Sitting off the eastern coast of Nicaragua lies an island that had already changed hands more than once. A group of Puritans had settled it in Cromwell’s time, only to be driven out by the Spaniards some years later. This island is rugged and rocky, with barrier reefs all around it and a harbour deep enough to hold several ships. The island is Old Providence, and attached to it on the westward side is a smaller island known as Santa Catalina. In Morgan’s time it lay in Spanish hands.

Stinging from the fiasco of Cartago, Mansfield wanted to take this island to repair his reputation. If he could build a heavily armed fortress there, its guns aimed at the Spanish as they sailed by, ‘the Peruvian trade with Spain could be ruined, the treasure ships taken with ease and the galleons from home with cargoes of provisions and clothing and other necessities plundered before they neared the shore.’1

It should have been an easy place to defend; its mountains made natural battlements and the narrow passes between them were perfect for ambushing invading forces. Indeed, entering the harbour would have been difficult as only one ship at a time could pass through the narrow, difficult channel before reaching the wider open water of the harbour. The high ridges around the harbour entrance would have made any invading ship trying to reach the anchorage open to ambush.

It was perfect for Mansfield. He had a vision of turning the island into a permanent base for the Brethren—a privateers’ haven. It was perfectly positioned for such a purpose, being close to the Spanish Main making it much easier for privateers from Jamaica to attack Spanish shipping. Jamaica lies more than 400 miles to the north of the island while to the south is Portobello, a ripe and juicy target only 300 miles away instead of the long 625 miles from Jamaica.
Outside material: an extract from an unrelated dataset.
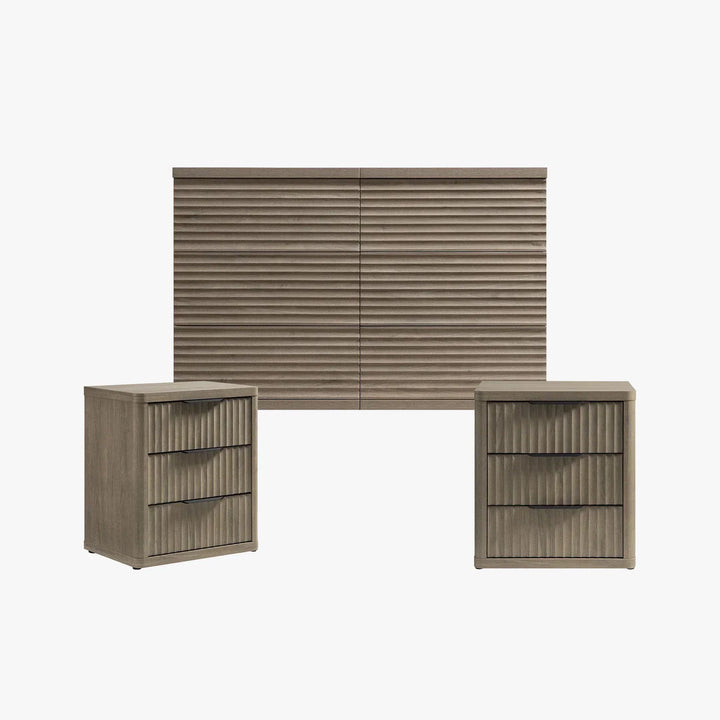 Stria 6 Drawers Chest and Nightstands Set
Mansfield was also motivated to take the island because he wanted to rebuild his stature with the Brethren. The Curaçao and Cartago failure weighed heavily on the old man and he knew that he had to do something to make amends. More than half of the fleet that set sail to attack Curaçao had left because of what had happened at Cartago. If he failed to take Old Providence—well, that just didn’t bear thinking about. With no more than half a dozen ships, Mansfield set sail.
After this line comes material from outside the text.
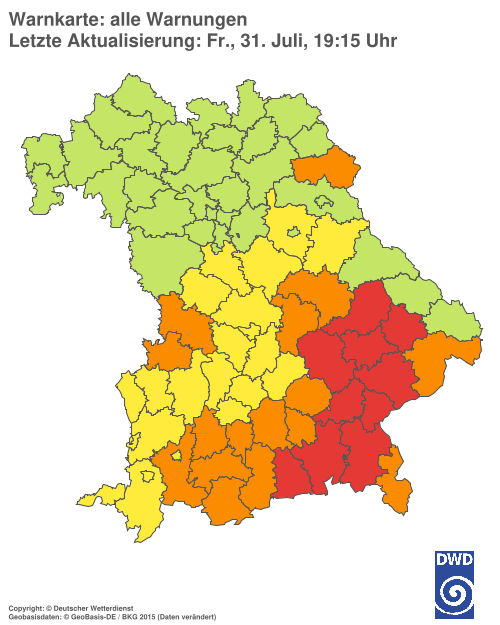 Aktuelle Wetterwarnungen für  Hannover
The old fellow was resolved (as he tells me) never to see my face until he had done some service to His Majesty, and therefore with 200 men which were all were left him and about eighty of them French, he resolved to attempt the island of Providence, which was formerly English, and by the Spaniards’ whole armada taken from us in 1641, and ever since carefully garrisoned. In order to this he set sail, and being an excellent coaster, which is his chief if not only virtue, in the night he came within half a mile of it by an unusual passage among rocks, where they say ships never came, and in the morning early landed, marched four leagues, and surprised the Governor, who was taken prisoner. The soldiers got into the fort being about 200, but on conditions to be landed on the main they yielded twenty-seven pieces of ordnance, 100 double jars of powder, shot, and all things necessary were found, and the fort very strongly built; they acknowledge but very little plunder, only 150 negroes; they brought off 100, and left thirty-five men and Capt Hattsell keeper of the magazine; they say many of the guns have Queen Elizabeth’s arms engraven on them.2

With the island now in English hands, Mansfield was determined it should remain so. Leaving behind a small garrison Mansfield immediately set sail for Jamaica to get more reinforcements, which would ensure any Spanish invasion would be soundly repelled. But Mansfield was to be disappointed. In Jamaica, the rules regarding attacks by privateers on Spanish vessels and settlements still held, which meant that he could not raise the reinforcements he’d hoped for and that he knew the island needed. He had acted outside of Modyford’s original instructions, which had put the Jamaican governor in a difficult situation.

Has yet only reproved Mansfield for doing it without orders, and really he dare not go further than rebukes without His Majesty’s express orders, lest he should drive them from that allegiance which they make great profession of now more than ever. Neither would he without manifest imprudence but accept the tender of it in His Majesty’s behalf, and considering its good situation for favouring any design on the rich main, lying near the river which leads to the lake [Nicaragua], holds it his duty to reinforce that garrison, and to send down some able person to command it. Meantime they are increasing apace in ships and men, privateers daily coming in and submitting to the strictness of the commissions and instructions he puts on them for His Majesty’s service.3

Disgusted, Mansfield left Jamaica and headed for Tortuga to raise the men he needed to reinforce Old Providence. He knew that time was of the essence. Sadly, by this time, age had caught up with him and he died there.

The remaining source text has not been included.